Haneke's feature film debut was 1989's The Seventh Continent, which served to trace out the violent and bold style that would bloom in later years. Three years later, the controversial Benny's Video put Haneke's name on the map. Haneke's greatest success came in 2001 with his most critically successful film, The Piano Teacher. The film won the prestigious Grand Prize at the 2001 Cannes Film Festival and also won its stars, Benoit Magimel and Isabelle Huppert, the Best Actor and Actress awards. He has worked with Juliette Binoche on two occasions, after she expressed interest in working with him. [1]
[edit] Themes
My films are intended as polemical statements against the American 'barrel down' cinema and its dis-empowerment of the spectator. They are an appeal for a cinema of insistent questions instead of false (because too quick) answers, for clarifying distance in place of violating closeness, for provocation and dialogue instead of consumption and consensus. From Film as catharsis.

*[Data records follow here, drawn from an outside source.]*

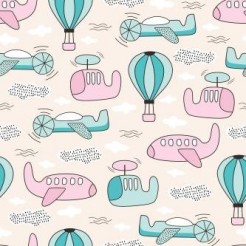 Airplanes And Hot Air Balloons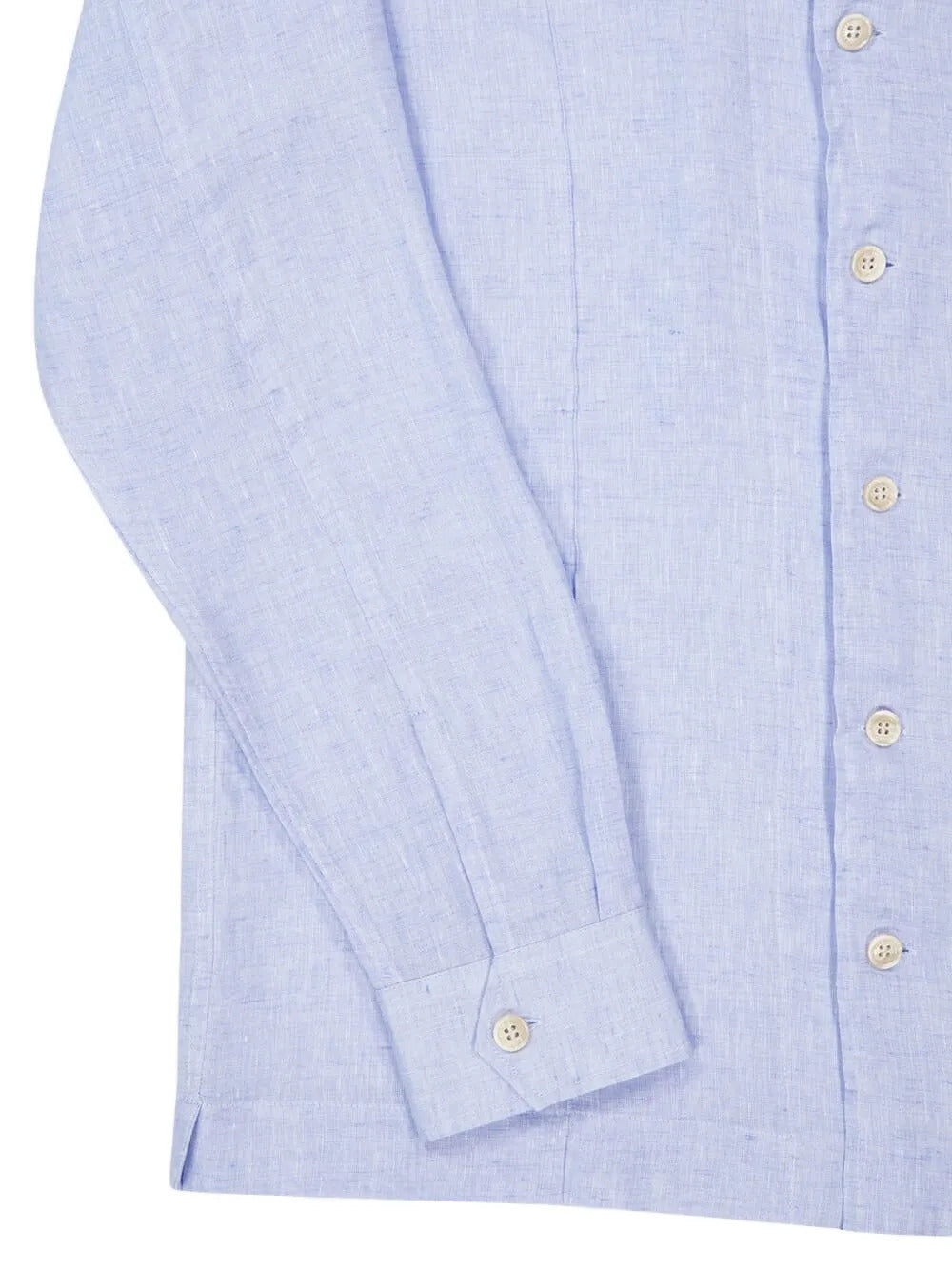 Brunello Cucinelli  buttoned linen shirt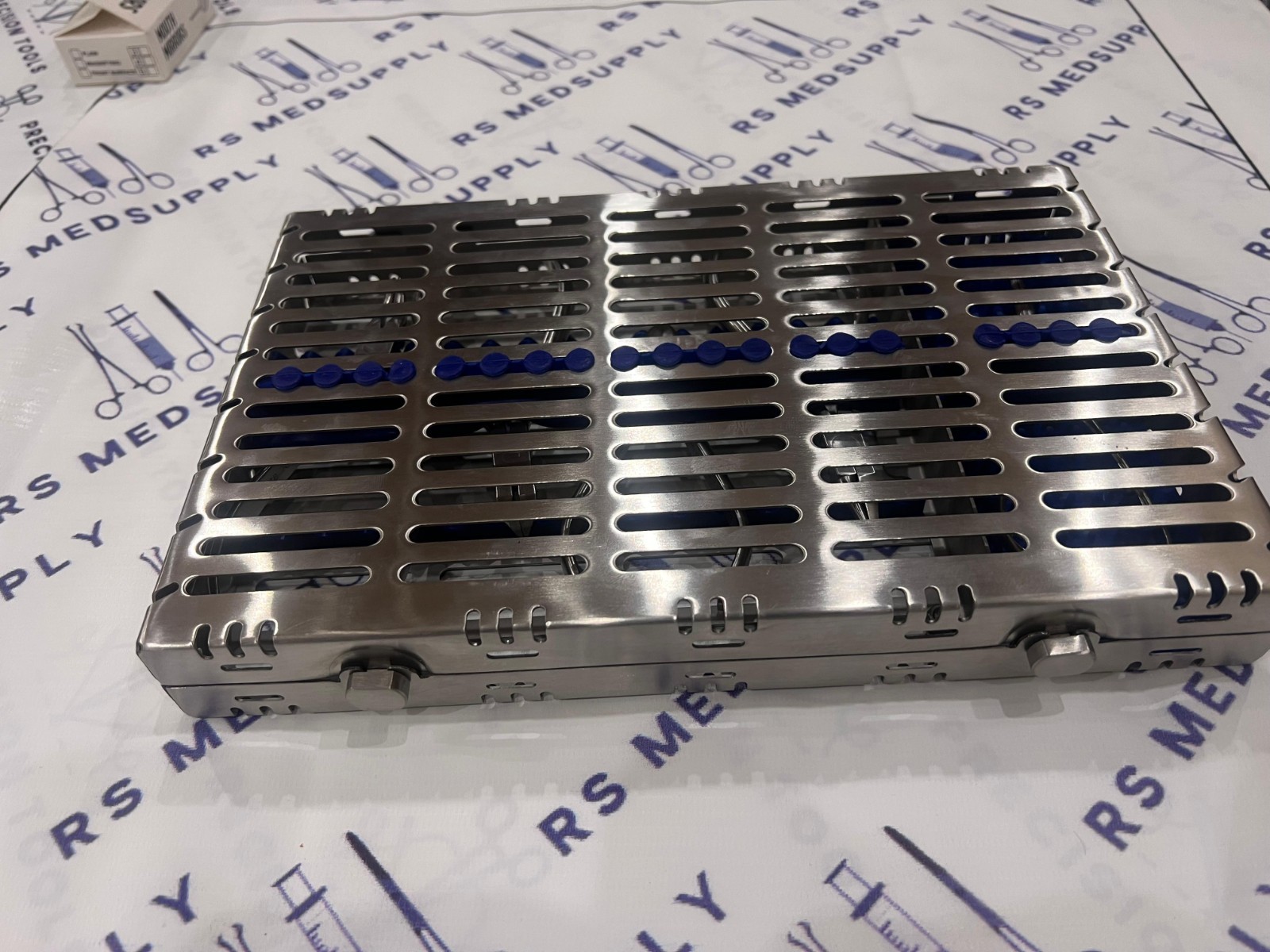 Lot Of 5 Pcs Hu-Friedy Orthodontics Pliers With Casette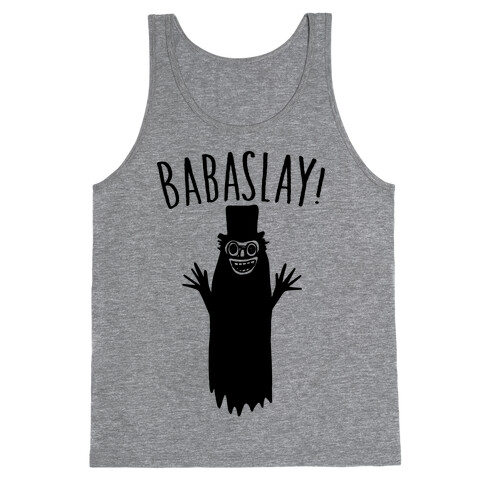 Babaslay Parody Tank Top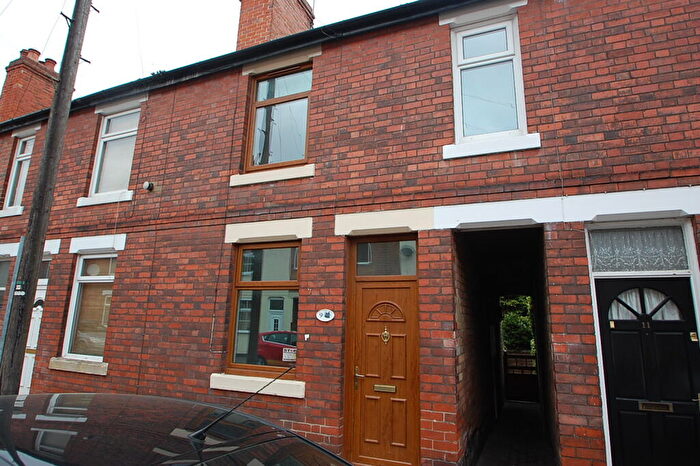 3 Bedroom House To Rent In Craven Street, Burton Upon Trent, DE13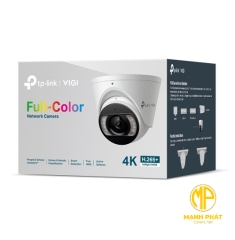Camera TP-LINK VIGI InSight S485 (4mm) 8MP Tháp Pháo Đầy Đủ Màu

Rejecting what is considered to be standard conventions of timing, the build up of suspense and logical plotting, Haneke is not worried about inducing boredom, irritation and frustration. His films are considered to be very immediate without being simplistic. Arguably concerned with a society that no longer knows how to love—or for that matter how to hate—his films are in many ways an attempt to resharpen the audience's feelings and responses to the world.
Recurring themes include:
- the introduction of a malevolent force into comfortable bourgeois existence, as seen in Funny Games and Caché;
- a critique directed towards mass media, especially television, as seen in Funny Games, where some of the characters are aware that they feature in a movie, and Benny's Video, in which the main character is driven to kill an innocent girl after seeing a pig slaughertered on TV.
[edit] Filmography
- 1989 Der 7. Kontinent aka The 7th Continent
- 1992 Benny's Video
- 1994 71 Fragmente einer Chronologie des Zufalls aka 71 Fragments of a Chronology of Chance
- 1995 Der Kopf des Mohren aka The Moor's Head (screenplay)
- 1997 Funny Games
- 1997 Das Schloß aka The Castle (U.S. title)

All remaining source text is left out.